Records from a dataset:
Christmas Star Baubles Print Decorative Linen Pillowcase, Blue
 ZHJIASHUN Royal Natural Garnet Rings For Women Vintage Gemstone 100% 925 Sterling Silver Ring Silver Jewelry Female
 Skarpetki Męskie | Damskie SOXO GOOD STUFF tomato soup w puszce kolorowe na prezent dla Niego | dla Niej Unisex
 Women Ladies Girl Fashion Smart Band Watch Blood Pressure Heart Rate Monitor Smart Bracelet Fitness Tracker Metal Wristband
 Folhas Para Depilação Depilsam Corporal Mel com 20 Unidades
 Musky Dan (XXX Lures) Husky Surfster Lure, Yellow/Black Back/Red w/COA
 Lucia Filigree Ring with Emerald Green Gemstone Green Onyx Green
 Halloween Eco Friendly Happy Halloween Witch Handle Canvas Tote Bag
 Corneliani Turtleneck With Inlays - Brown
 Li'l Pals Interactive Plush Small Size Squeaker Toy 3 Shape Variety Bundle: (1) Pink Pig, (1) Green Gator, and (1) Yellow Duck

** Aim of the task **
Using the records above, please repeat the line with "Corneliani Turtleneck With Inlays - Brown" and every line after it exactly, and give no other text.

** Written response **
 Corneliani Turtleneck With Inlays - Brown
 Li'l Pals Interactive Plush Small Size Squeaker Toy 3 Shape Variety Bundle: (1) Pink Pig, (1) Green Gator, and (1) Yellow Duck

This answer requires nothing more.